Task prompt -
In the records below, repeat exactly the lines between the line holding "Pilot solglasögon från" and the line holding "VASAGLE Queen Metal", inclusive, and drop the pictures.

Provided records -
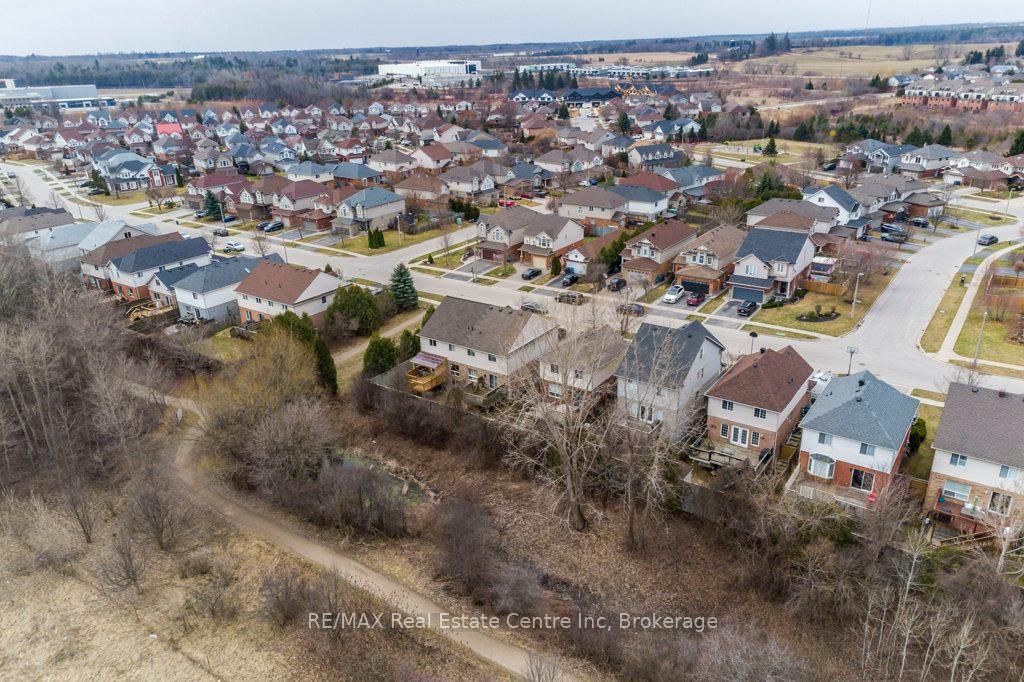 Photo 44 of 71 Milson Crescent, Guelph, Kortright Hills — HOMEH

---

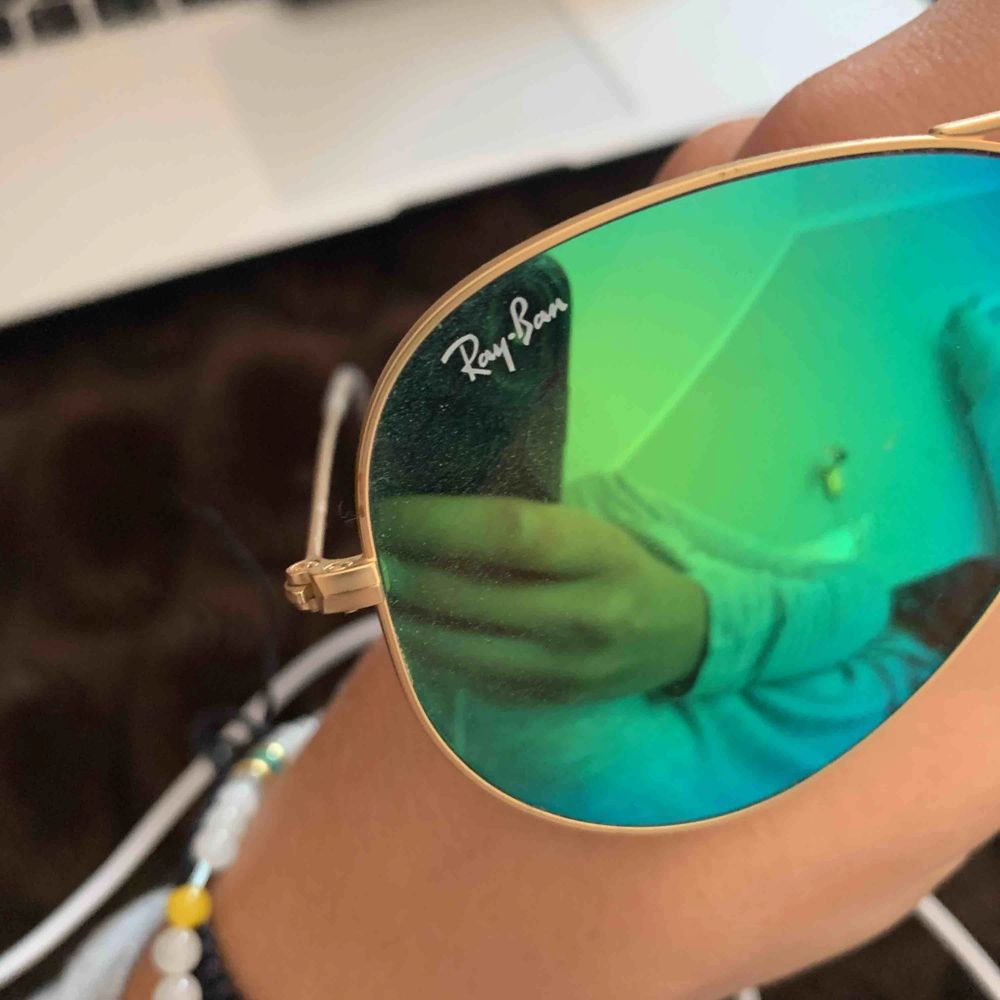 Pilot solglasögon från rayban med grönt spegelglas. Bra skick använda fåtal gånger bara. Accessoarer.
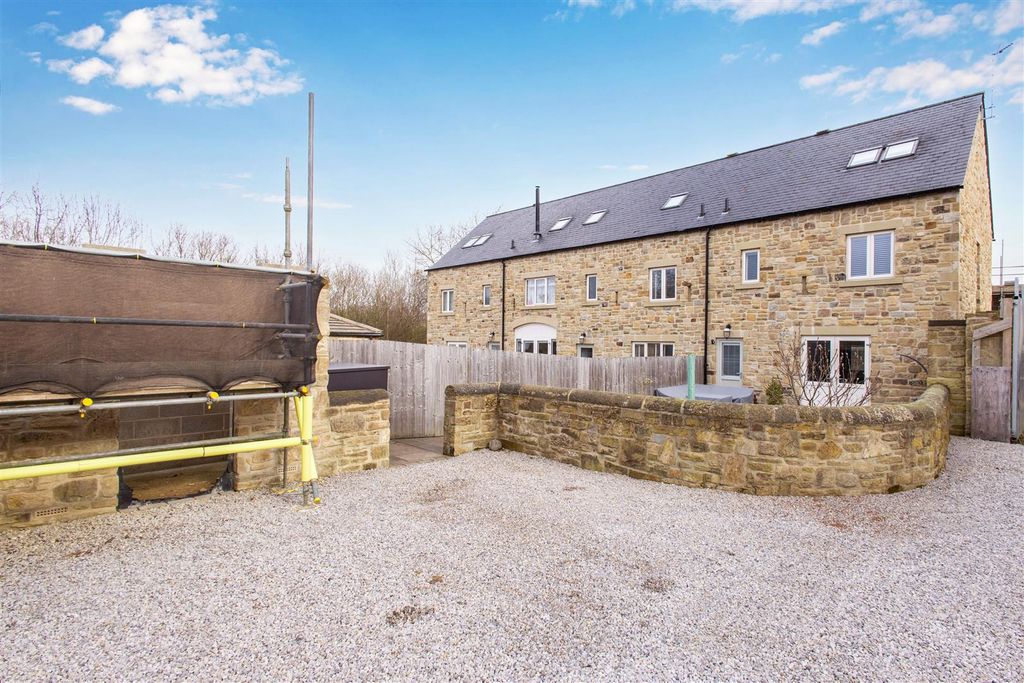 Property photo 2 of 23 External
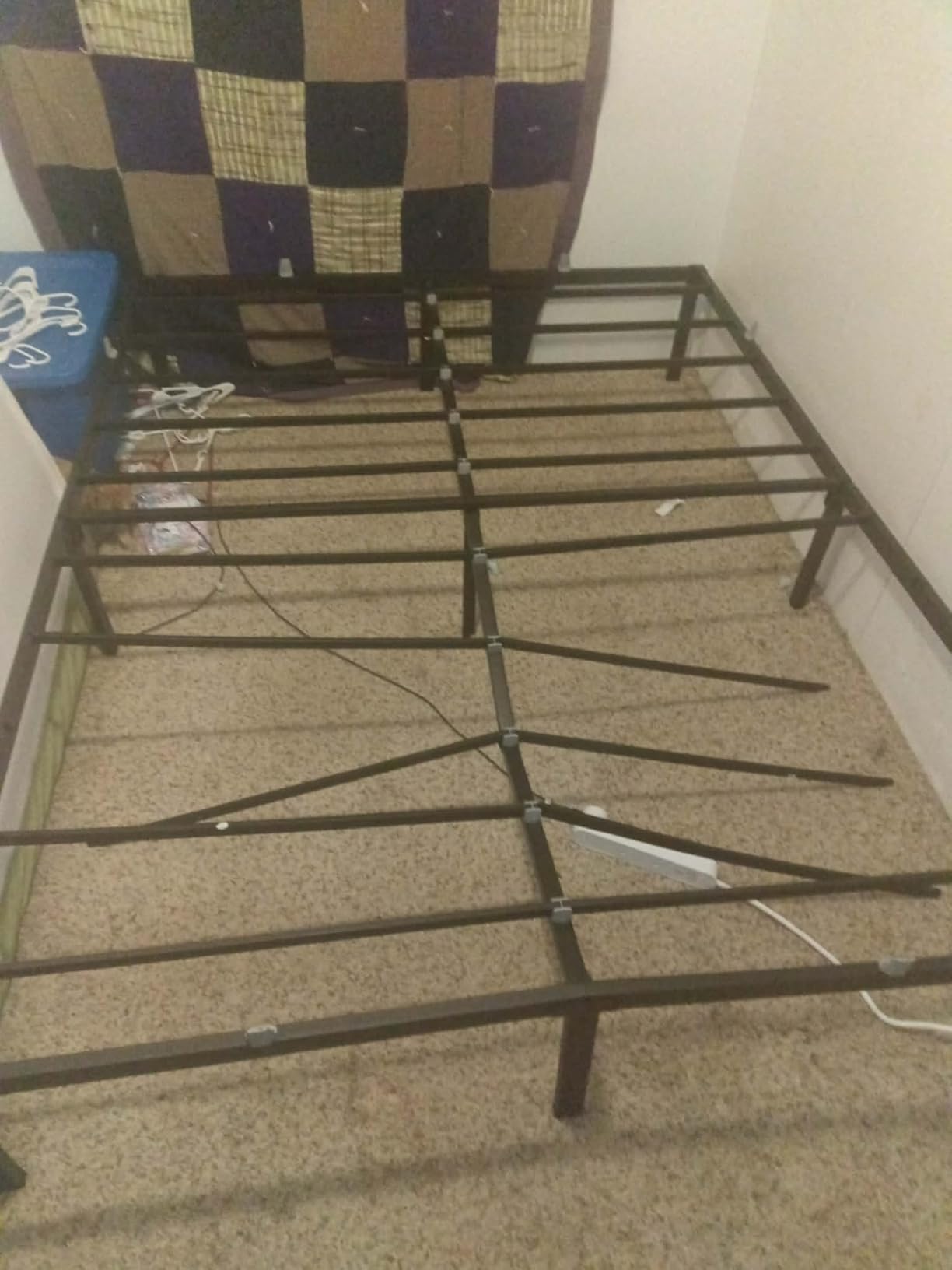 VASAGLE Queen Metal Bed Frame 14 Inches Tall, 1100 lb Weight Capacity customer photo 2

The answer -
 Pilot solglasögon från rayban med grönt spegelglas. Bra skick använda fåtal gånger bara. Accessoarer.
 Property photo 2 of 23 External
 VASAGLE Queen Metal Bed Frame 14 Inches Tall, 1100 lb Weight Capacity customer photo 2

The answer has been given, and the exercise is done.